Bodrum Belediye Başkanı ve Bodrum Tanıtım Vakfı BOTAV’ın Yönetim Kurulu Başkanlığı’nı üstlenen Ahmet Aras; belediye başkanlığı öncesinde Bodrum ve Türkiye turizmi adına önemli çalışmalar yürüten bir isim…

Hem özel sektörde hem de yerel yönetimler alanında görev alan Bodrum Belediye Başkanı Ahmet Aras, Türkiye’de “destinasyon yönetimi” kavramına yönelik algı, bu alanda yapılması gerekenler, atılması gereken adımlar ve bu çerçevede Bodrum’da hayata geçirdikleri proje, çalışmalar hakkında Turizm Günlüğü‘ne değerlendirmelerde bulundu.

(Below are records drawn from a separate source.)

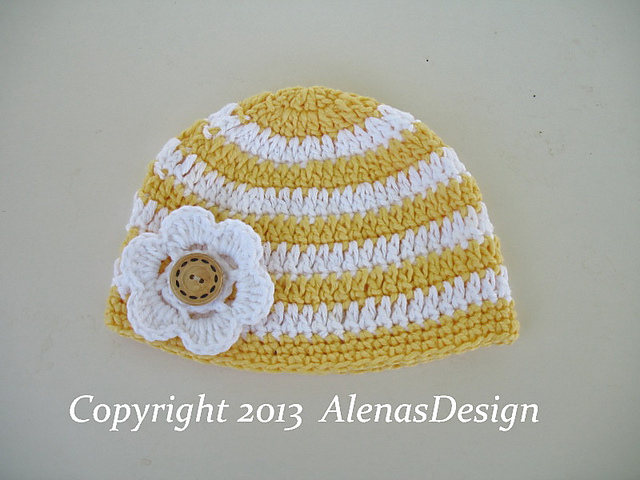 Stripe Baby Hat with Detachable Flower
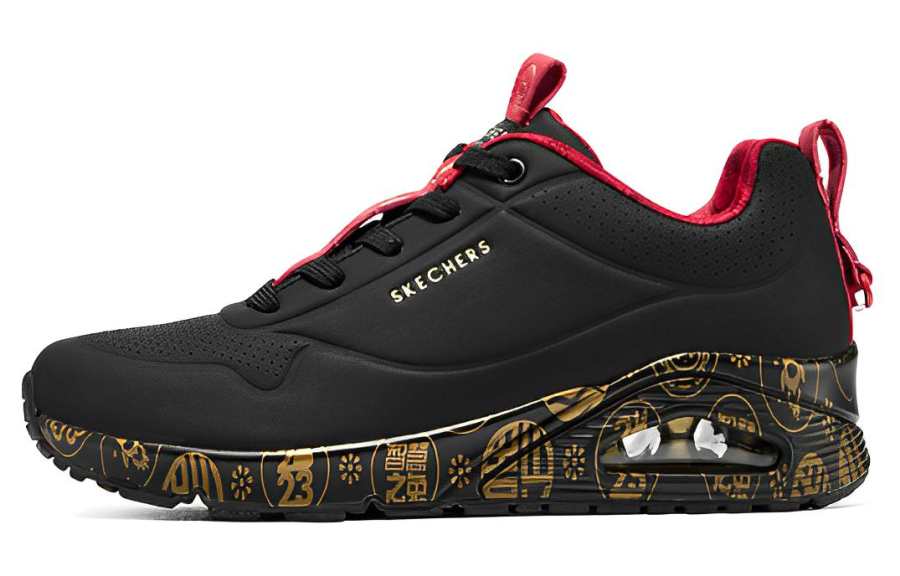 Skechers 2023 Year Of The Rabbit Uno Celebrat Airy Athletic Sneakers 'Black Red Gold' Women's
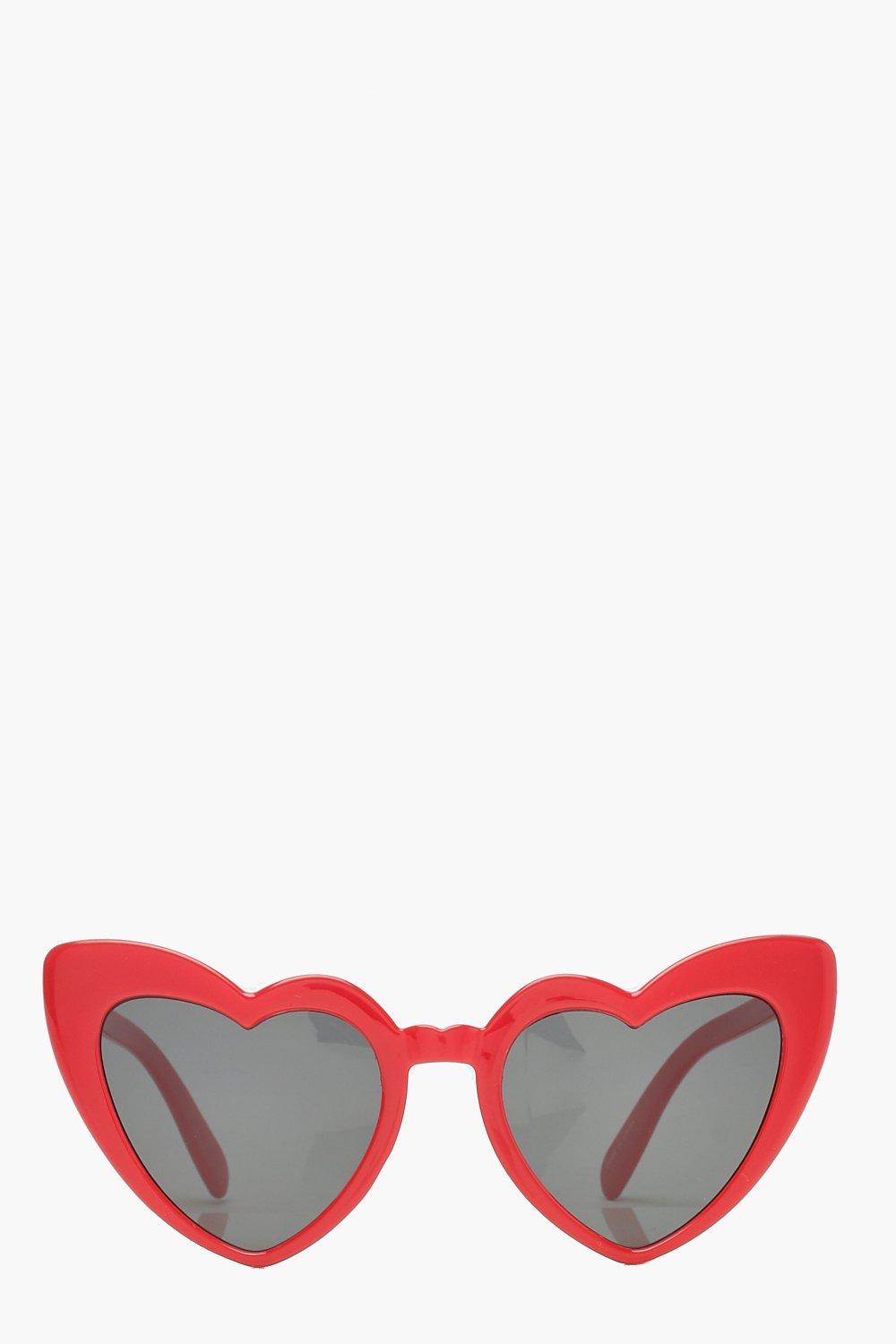 

Oversized Heart Cat Eye Sunglasses, Red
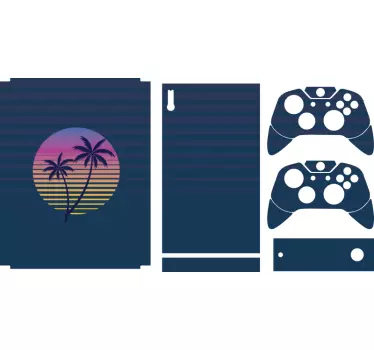 Sticker xbox paysage tropical au crépuscule - TenStickers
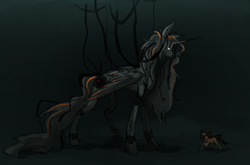 Size: 1460x965 | Tagged: safe, artist:bindigoat, alicorn, pony, robot, robot pony, unicorn, chell, duo, glados, glowing, glowing eyes, horn, looking at each other, looking at someone, ponified, portal (valve), profile, size difference, wires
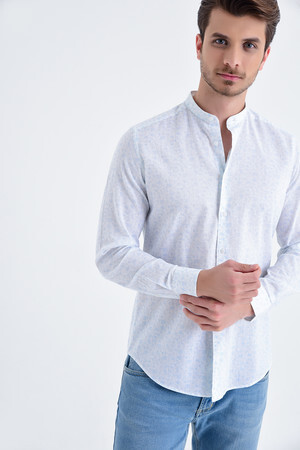 Mavi Slim Fit Keten Gömlek - 5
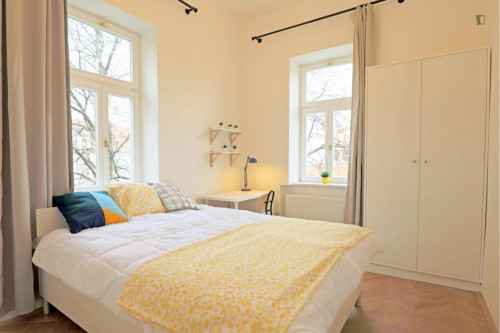 Bright double bedroom in Žižkov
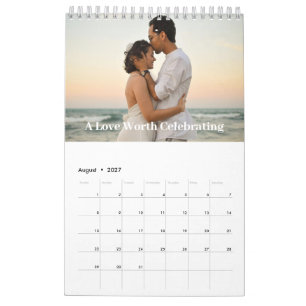 Calendrier Mariée Minimaliste Moderne Photo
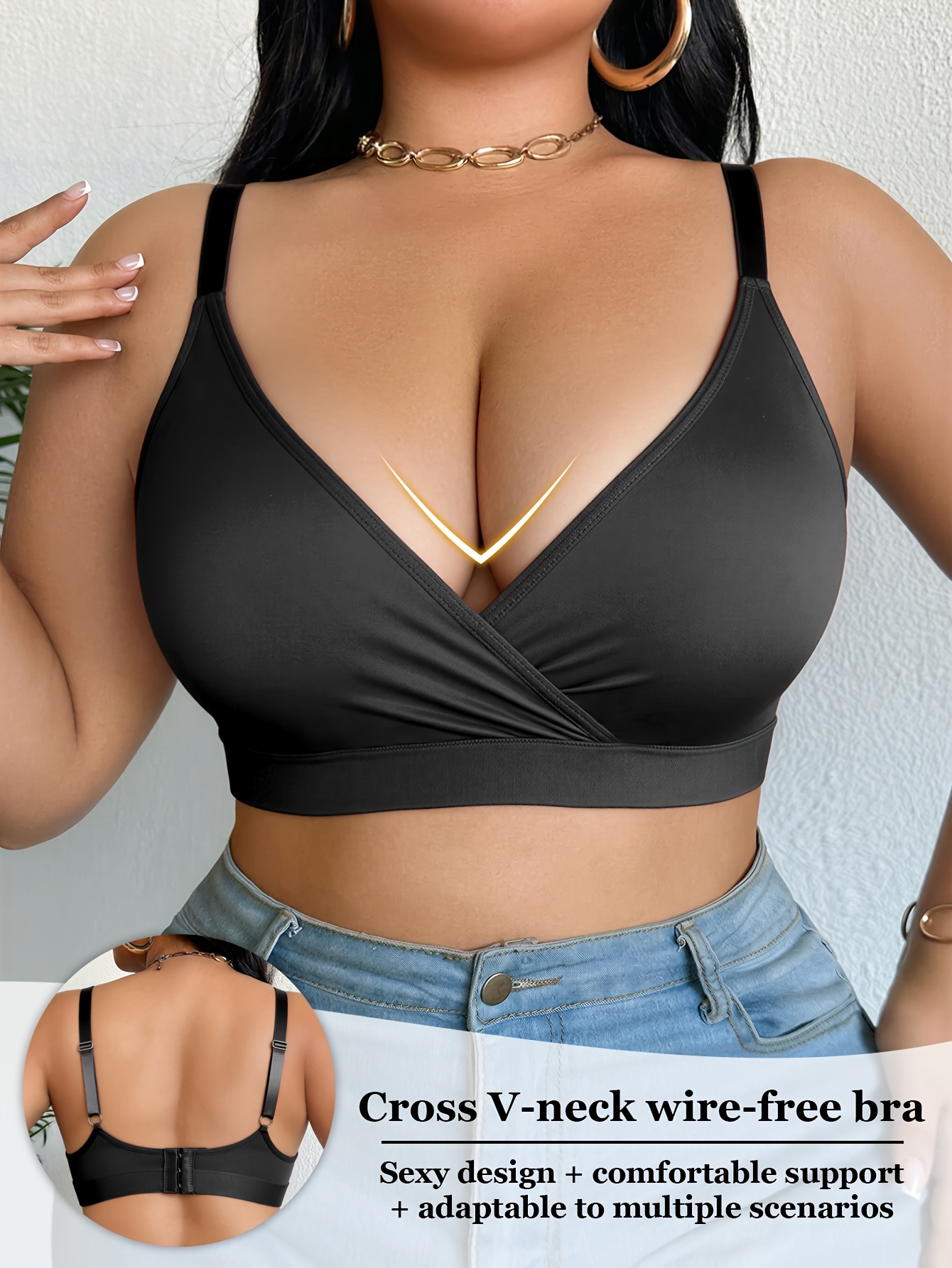 Single-piece Casual ADJUSTABLE Plus-size Women's Front-clasp Bra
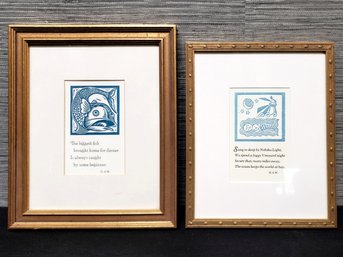 Two Prints In Gold Frames D.A.W.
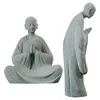 Garden Decorations 2 PCS Micro Landscape Buddha Statue Monk For Home Traditional Decor Aquarium Mini Stone Statyes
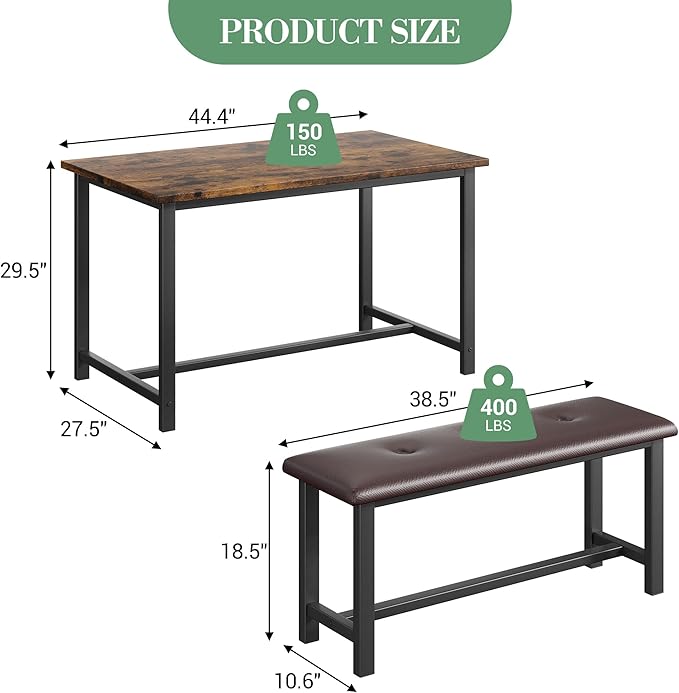 Garvee Dining Table with 2 Benches, Kitchen Table with 2 Upholstered Benches, 3 Piece Dining Table Set Space Saving for Apartment, Kitchen, 44.48" l x 27.58" w x 29.58" h, Rustic Brown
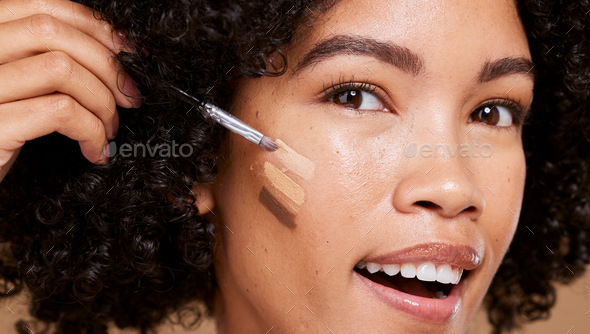 Makeup, face and woman in studio for beauty, product and foundation, shade and glamour closeup. Por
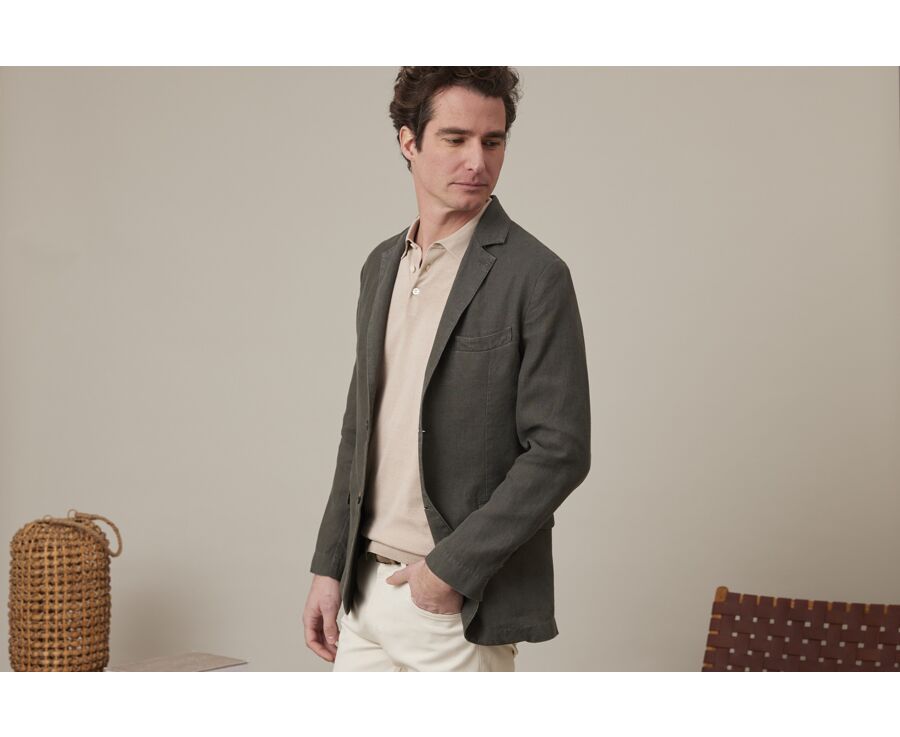 Dark Olive Linen Blazer - LUBIN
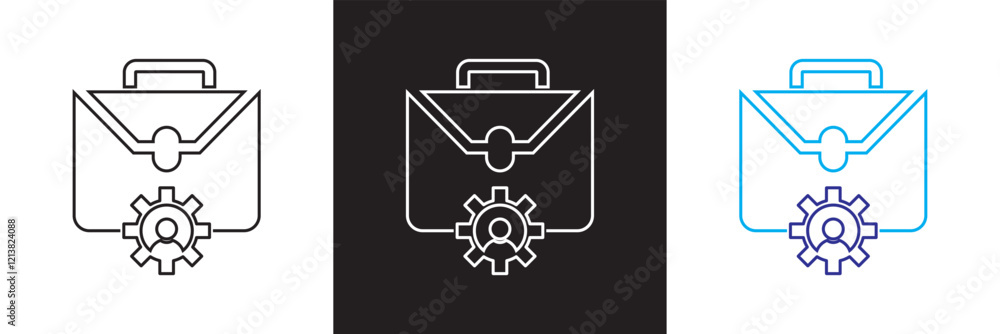 Poster business setting icon set. icons related to setting. setting business icons collection. isolated on 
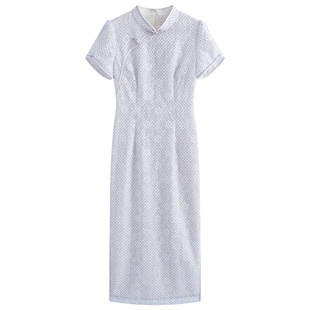 固执夏季新款中式通勤立领蕾丝短袖中长款旗袍气质连衣裙女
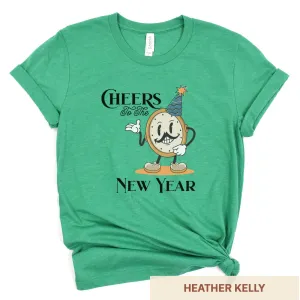 Cheers to the New Year: Retro Clock Cartoon - Adult Unisex Jersey Crew Tee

Destinasyon yönetimi konusunda yönelttiğimiz sorular doğrultusunda Bodrum Belediye Başkanı Ahmet Aras’ın analiz ve değerlendirmeleri şu şekilde: 

“Destinasyon yönetimi”, Türkiye turizminde sorunların aşılmasında nasıl yardımcı olabilir?

Turizmde, bölgesel yönetim, tüm paydaşların kararlara katılımı açısından son derece önemli. Bir destinasyonun tanıtımı, pazarlaması ve markalaşma süreci, tüm paydaşların entegrasyonu ile başarıya ulaşabilir. Ülkemizde henüz bu anlamda başarılı bir destinasyon yönetimi örneği göremiyoruz. Özellikle sektörün içinde bulunduğu süreç, bu eksikliği daha da belirgin hale getirdi. Çünkü turizmde algılar hızla değişiyor. Tercihler değişiyor. Bu süreçte küresel salgının da çok büyük bir etkisi oldu.

“BİR DESTİNASYONUN REKABET GÜCÜ, SUNDUĞU ÜRÜNLERİN BÜTÜNLEŞMESİ İLE ARTAR”

Bunun bir adım sonrası, tüm bölgelerde turizm hareketliliğinin ve turizm ekonomisinin geliştirilmesidir. Sektöre her anlamda bütüncül bakmak zorundayız. Elbette her destinasyonun kendi yönetim stratejisi olacaktır fakat Türkiye’nin herhangi bir bölgesinde yaşanacak sorun, diğer tüm bölgeleri de etkileyeceğinden gelişimi genele yaymak şart.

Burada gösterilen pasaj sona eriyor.